The convention is to put “and” before the last item on a list: “I like apples, oranges and bananas.” The “and” gives the reader a signal that the last item is coming up. We could just write: “I like apples, oranges, bananas.” But then the reader would have to take a moment to realise that there is no more and we are about to start on something else. The “and” helps to keep things flowing.

We have here three things the neofascists have been doing: planning the assassination of Renzi, planning the assassination of the cabinet and plotting bomb attacks. But note that if you treat them as a list of three, as we just have, you have to repeat the words “planning the assassination of”. The writer of the story desired, reasonably enough, to avoid that – but failed to realise that you then have two lists. There is an overarching list of the things the neo-fascists have been doing – planning to assassinate and plotting bomb attacks.
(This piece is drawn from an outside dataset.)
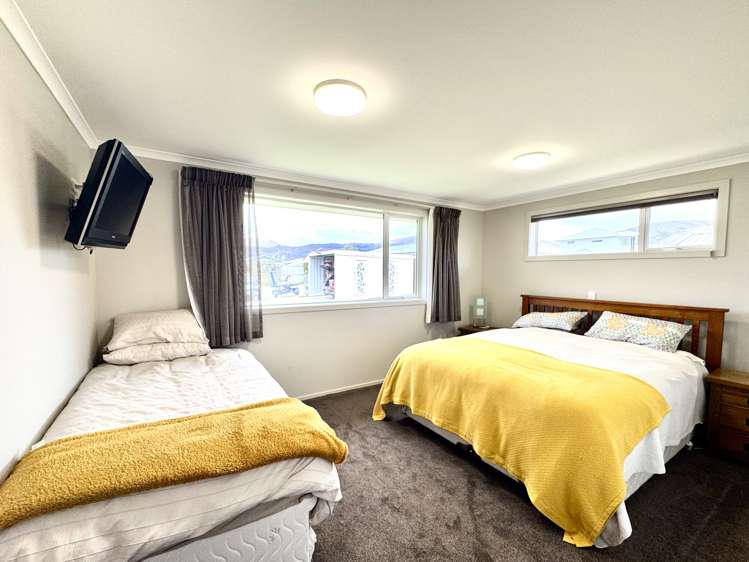 8 Sunset Place Otematata_13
In addition, the first of those two items is itself a list of two: planning to assassinate Renzi and planning to assassinate his cabinet.

So, the plan to assassinate the cabinet and the plotting of the bomb attacks are each the final item of a list, and both need to be preceded by “and”.

• Here is the opening sentence of an interview published in last Saturday’s magazine: “Anna Chancellor has taken hold of the printout of her Wikipedia entry that I have brought along to our interview and is muttering to herself as she pours over it.” That should be “pores”. Very common mistake: two words pronounced the same and both often followed by “over”. “Pour” means emit a stream of liquid; “pore” means examine with minute attention. Both words go back to Middle English, but the Oxford Dictionary cannot trace their origins before that.

• “Hussein Abu Jamaa still bears the scars from the explosion that pulverised his leg”, claimed the introductory blurb to a foreign report published on Monday. Really? The leg was reduced to dust (Latin: pulvis) or at least shattered into tiny fragments? The text below casts a little light, reporting that the leg was “embedded with shrapnel” – no, the shrapnel was embedded in the leg.

• A news story reported last Saturday: “Ukip members and activists are quitting the party in disgust after being passed over in the race for Westminster seats in preference for Tory defectors.” “In preference for” is a new one on me. There is nothing very wrong with it, but why bother to make it up when we already have “in favour of”?